All together now....O-R-K-I-N!


----------



## fivehourfrenzy (Aug 12, 2007)

hideit said:


> you used a P22 for this job?
> thats pretty cool


Yessir. I honestly would call it hunting. I've never sat so still in all my life. It didn't take long for the first one, but after waiting another 30 minutes in total silence I called it quits for the night and went in. I was cold, it was about 15 degrees out.


----------



## milquetoast (Nov 25, 2006)

Kewl! You be Rambo, dude!


----------



## fivehourfrenzy (Aug 12, 2007)

It was actually pretty sad, I had full camo on (Burton Ronin gear), black balaclava, camo Oakley goggles...looked like a SEAL to go mouse hunting. It was fun though, prolly gonna do it again tonight.


----------



## JeffWard (Aug 24, 2007)

I'm not sure if that is more sad, or scary...


----------



## milquetoast (Nov 25, 2006)

"You have to fall back on superior intelligence and superior firepower. And that's all she wrote."
Carl Spackler


----------



## Guest (Jan 4, 2008)

Are you going to get a full body mount?


----------



## fivehourfrenzy (Aug 12, 2007)

TerryP said:


> Are you going to get a full body mount?
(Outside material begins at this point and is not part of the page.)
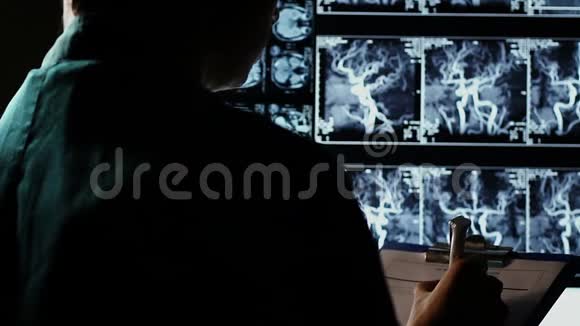 医生研究人体X线图像写下诊断视频的预览图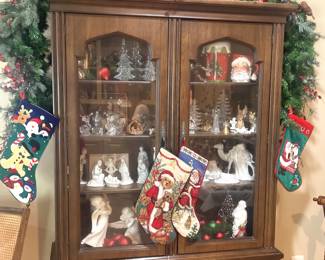 Hutch filled with nativities and other Christmas selections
Not until I get a trophy size...this one was small. If I get one over four inches, sure thing.


----------



## 229DAK (May 7, 2006)

fivehourfrenzy said:


> It was so sweet.


I will kill for food. I will kill to eradicate germ-infested vermin from my home. I will kill to protect my family if necessary. However, I certainly won't kill to get my rocks off.


----------